WORK REQUEST: Your reply should be the records below, duplicated exactly, with any picture removed.
━━━━━━━━━━━━━━━━━━━━━━━━━━━━━━
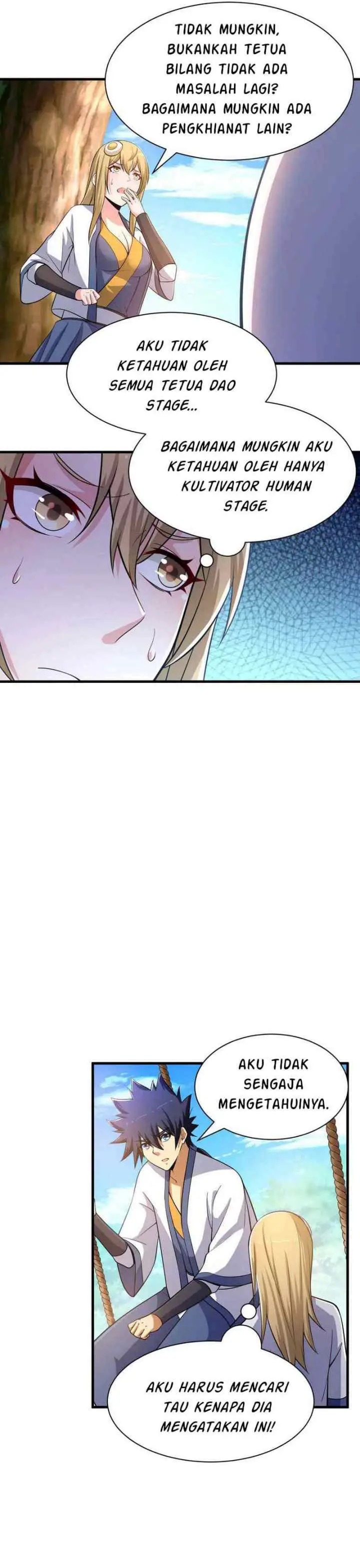 I Just Want to be Beaten to Death by Everyone chapter 53 halaman 8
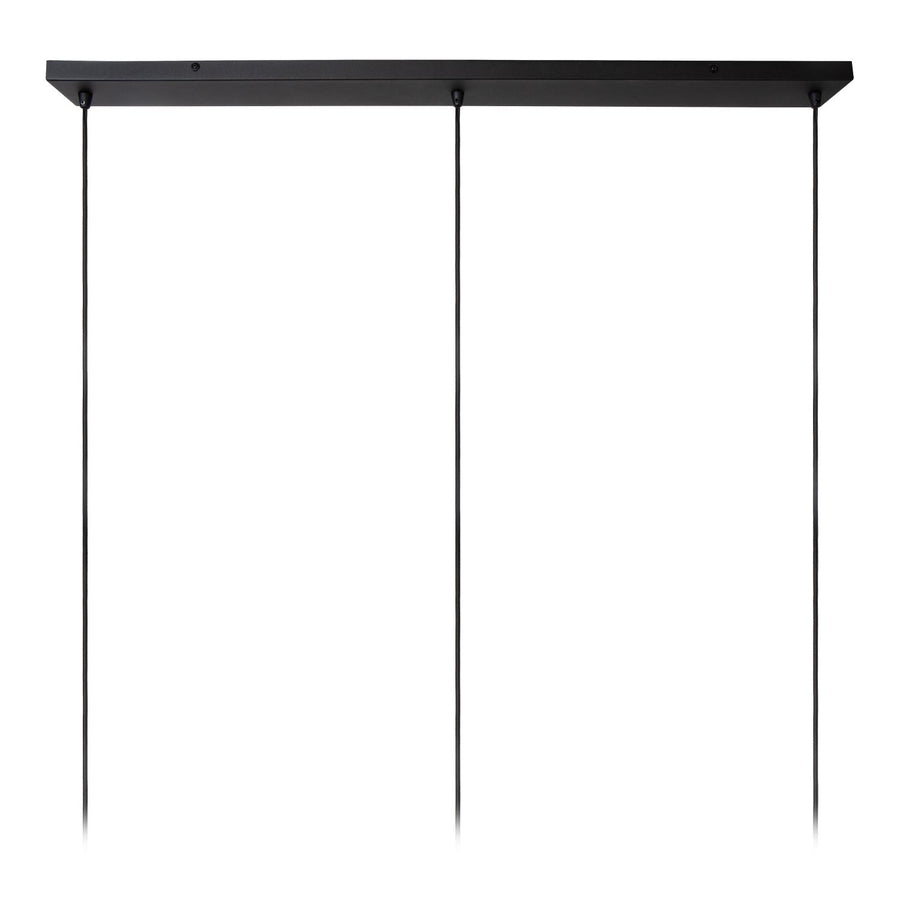 Lucide TRIBUTE hanglamp 3 × E27, crème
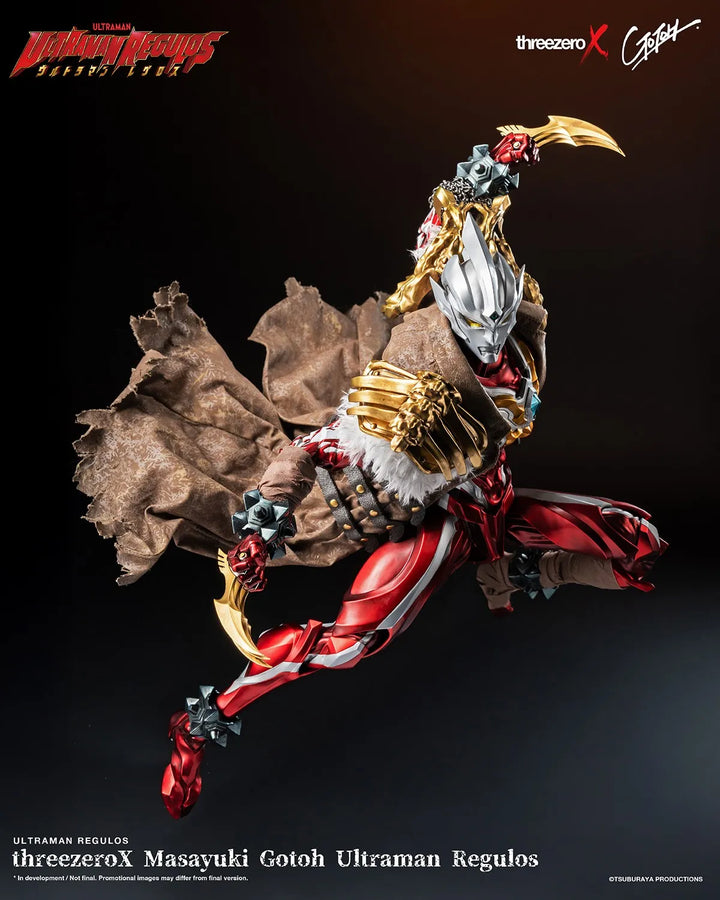 Masayuki Gotoh Ultraman Regulos – Threezero – ActionFigure Brasil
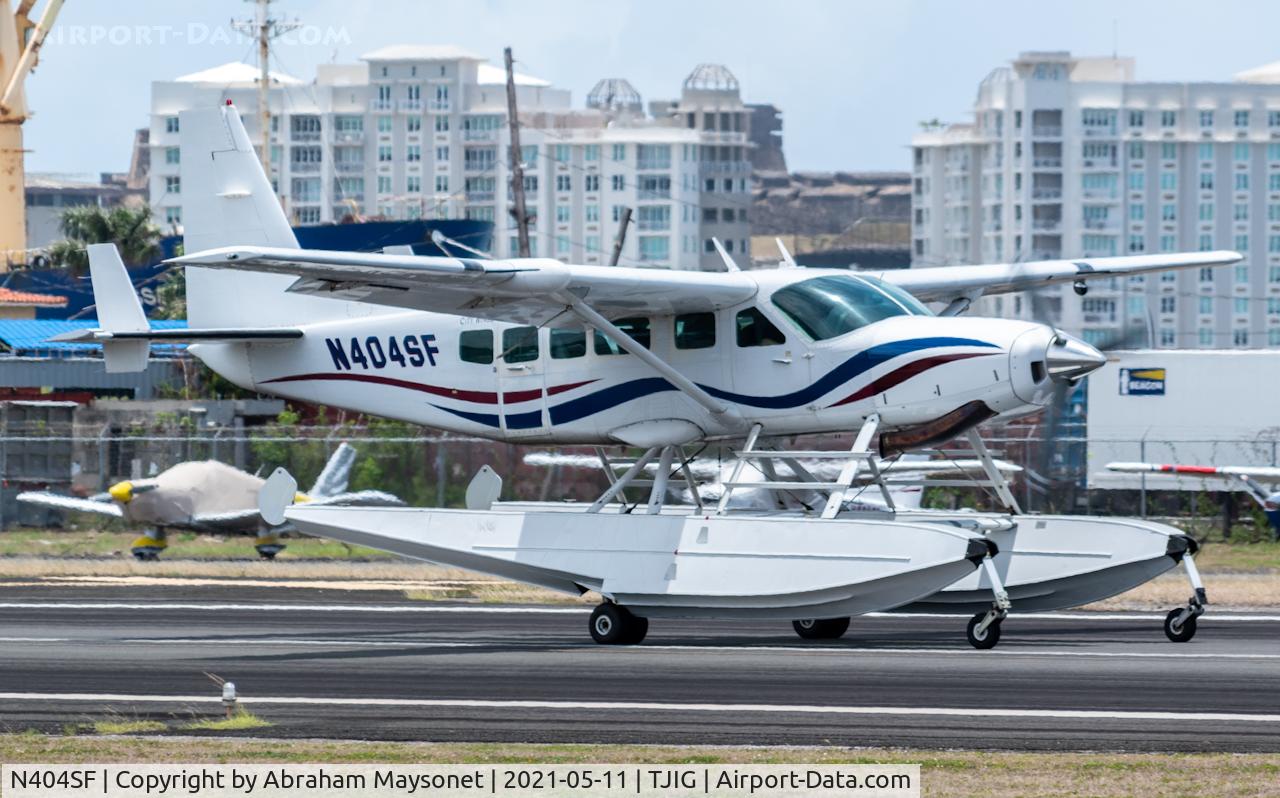 N404SF, 2007 Cessna 208 C/N 20800404, New aircraft on data base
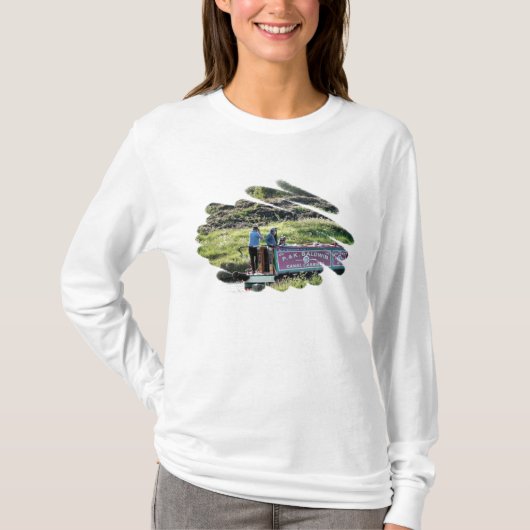 KANALEN T-SHIRT (Voorkant)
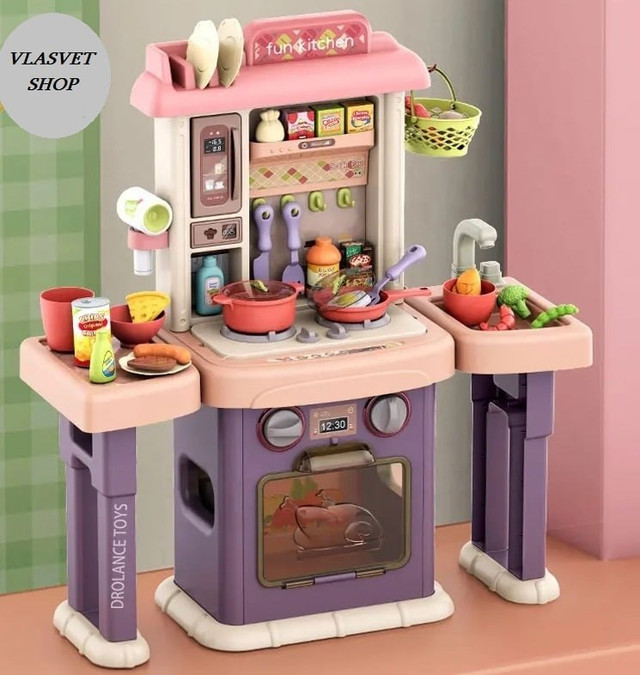 Ігральна кухня для дівчаток 4 років Ігрова кухня для дівчаток 5 років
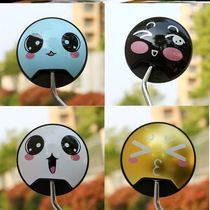 Creative electric car rearview mirror stickers Scooter battery car modification waterproof stickers Tram decoration accessories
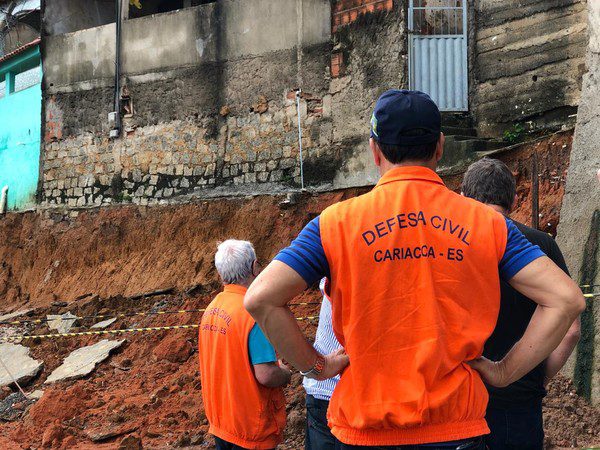 Estudos para atualização do Plano Municipal de Redução de Riscos de Cariacica são iniciados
━━━━━━━━━━━━━━━━━━━━━━━━━━━━━━
SOLUTION FOR THIS TASK:
 I Just Want to be Beaten to Death by Everyone chapter 53 halaman 8
 Lucide TRIBUTE hanglamp 3 × E27, crème
 Masayuki Gotoh Ultraman Regulos – Threezero – ActionFigure Brasil
 N404SF, 2007 Cessna 208 C/N 20800404, New aircraft on data base
 KANALEN T-SHIRT (Voorkant)
 Ігральна кухня для дівчаток 4 років Ігрова кухня для дівчаток 5 років
 Creative electric car rearview mirror stickers Scooter battery car modification waterproof stickers Tram decoration accessories
 Estudos para atualização do Plano Municipal de Redução de Riscos de Cariacica são iniciados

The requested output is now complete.